Among the records that follow, set down only the lines from the one containing "3315 WYNDHAM Cir" to the one containing "Boîte en métal", both included, exactly.

**Given records:**
======

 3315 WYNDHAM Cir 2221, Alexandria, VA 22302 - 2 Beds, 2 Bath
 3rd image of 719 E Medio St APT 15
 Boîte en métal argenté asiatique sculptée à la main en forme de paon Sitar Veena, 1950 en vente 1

======

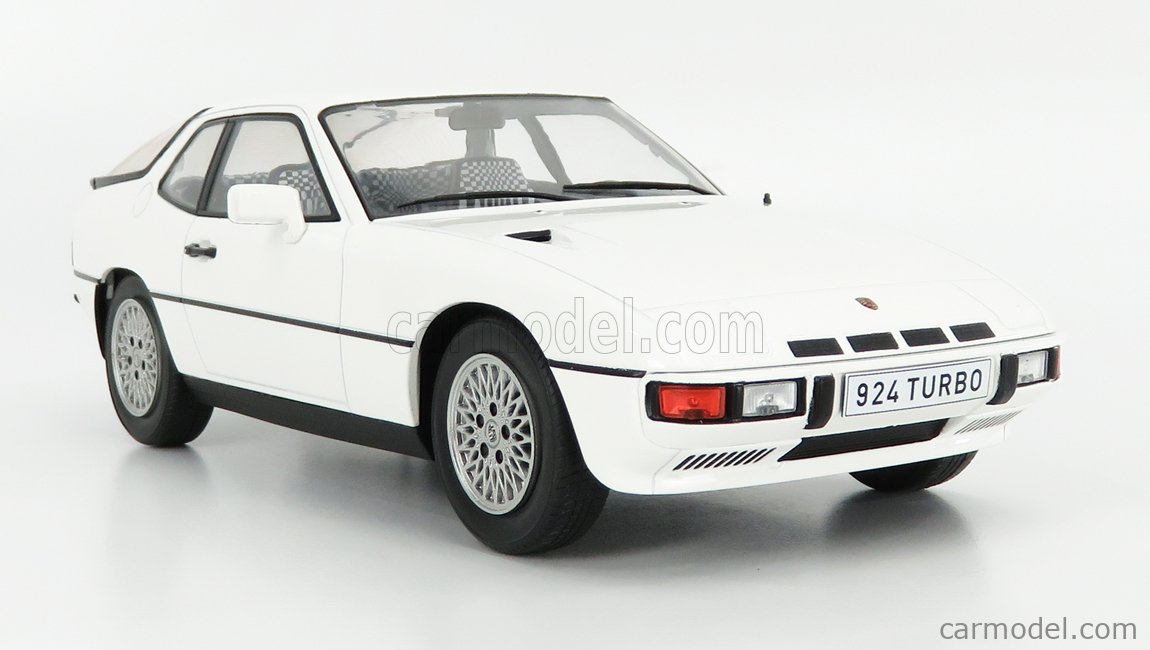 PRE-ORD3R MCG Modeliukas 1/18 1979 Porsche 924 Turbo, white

======

**Output:**
 3315 WYNDHAM Cir 2221, Alexandria, VA 22302 - 2 Beds, 2 Bath
 3rd image of 719 E Medio St APT 15
 Boîte en métal argenté asiatique sculptée à la main en forme de paon Sitar Veena, 1950 en vente 1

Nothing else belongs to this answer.